Are these broadcasters insane? Are they lunatics, their spittle like static as it crackles against their microphones? Is anybody listening? Does anybody care?
Abraham Vereide, the fundamentalist leader in whose files I found transcripts of Warner and Honer’s broadcasts, cares. In 1950, Abram, as Vereide is known, presides over the most elite fundamentalist organization in America, International Christian Leadership (ICL). Started in 1935 with what Abram believed was a new revelation from God instructing him to organize an “avant-garde” with which to take back America for Christ, by 1950 ICL counts among its members several dozen congressmen. Among them: Senator Homer Capehart, an Indiana Republican who’d nearly weep when he thought of the plight of former Nazi SS men, barred from America for no crime greater than German patriotism; Senator Ralph Flanders, a Vermont Republican who attempted to amend the Constitution to make Christ king of America; and Senator Absalom Willis Robertson, a Virginia Dixiecrat whose son, Pat, would do his best to make Flanders’ dream a reality.
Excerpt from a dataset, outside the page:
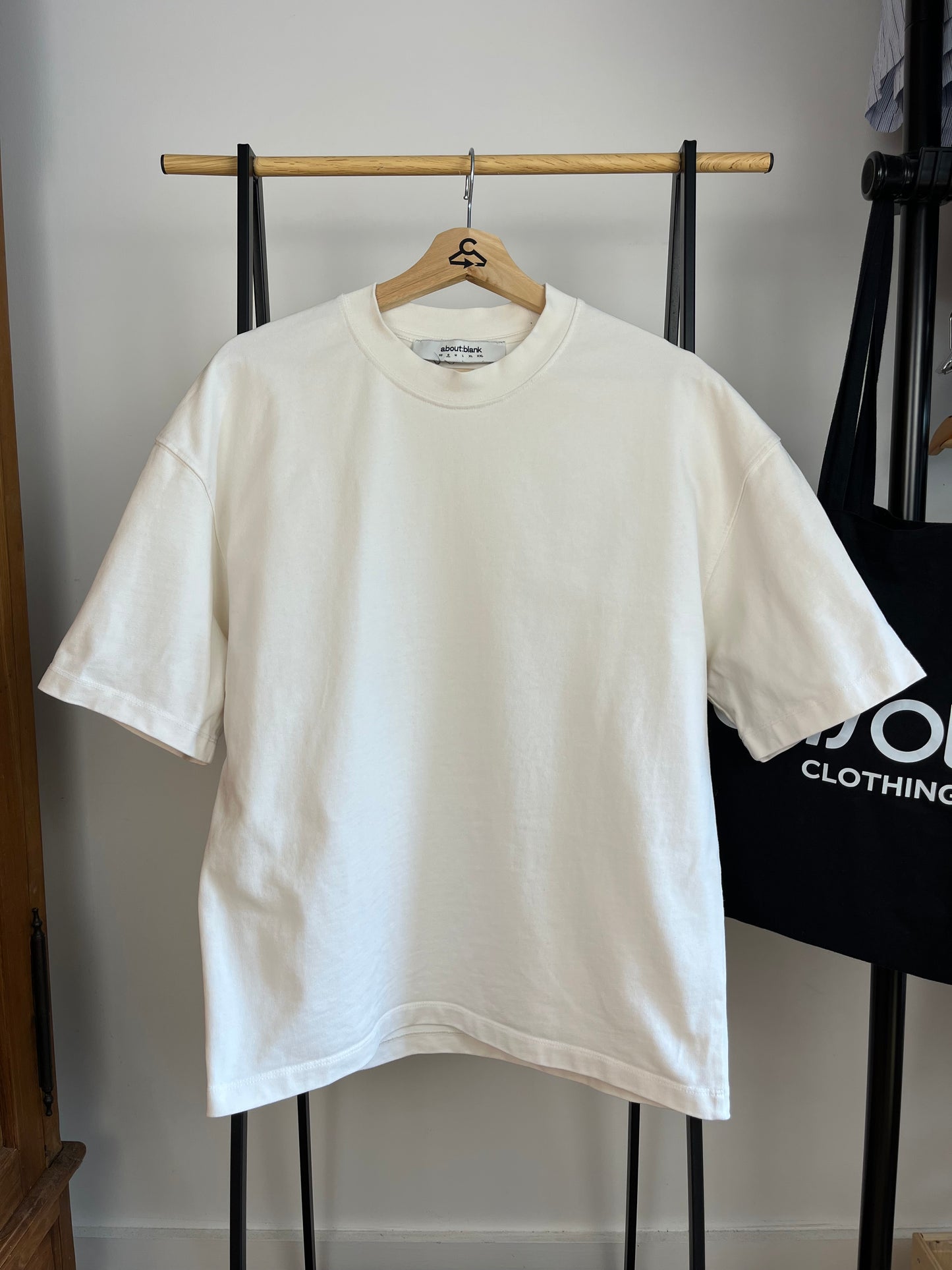 About:Blank Off White T-Shirt - Small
Such men, pillars of the establishment, are not far removed from Warner and Horner’s end of the radio dial. Since the start of 1950, Abram, their spiritual mentor, has been collecting and filing transcripts of Warner and Horner’s program among his collection of newsletters and tracts and broadsides. It’s the ephemera of fringe fundamentalism—Christian Patriot, and Christian Economics, and a monthly chronicle of Soviet espionage and theological counterweapons titled Intelligence Digest—funneled into Abram’s files, there to be squeezed, distilled, and transformed into Bible lessons for congressmen. Abram never speaks to his disciples of UFOs or death from above, but he knows how to hear the signals, to make sense of the code—to translate airwaves from Dayton and rants from the dozens of letters he receives every day from burghers and petty officials into breakfast club homilies, garnishes for eggs and bacon and the bonhomie of political piety. Abram is the middle man. Abram makes fundamentalism sound sane.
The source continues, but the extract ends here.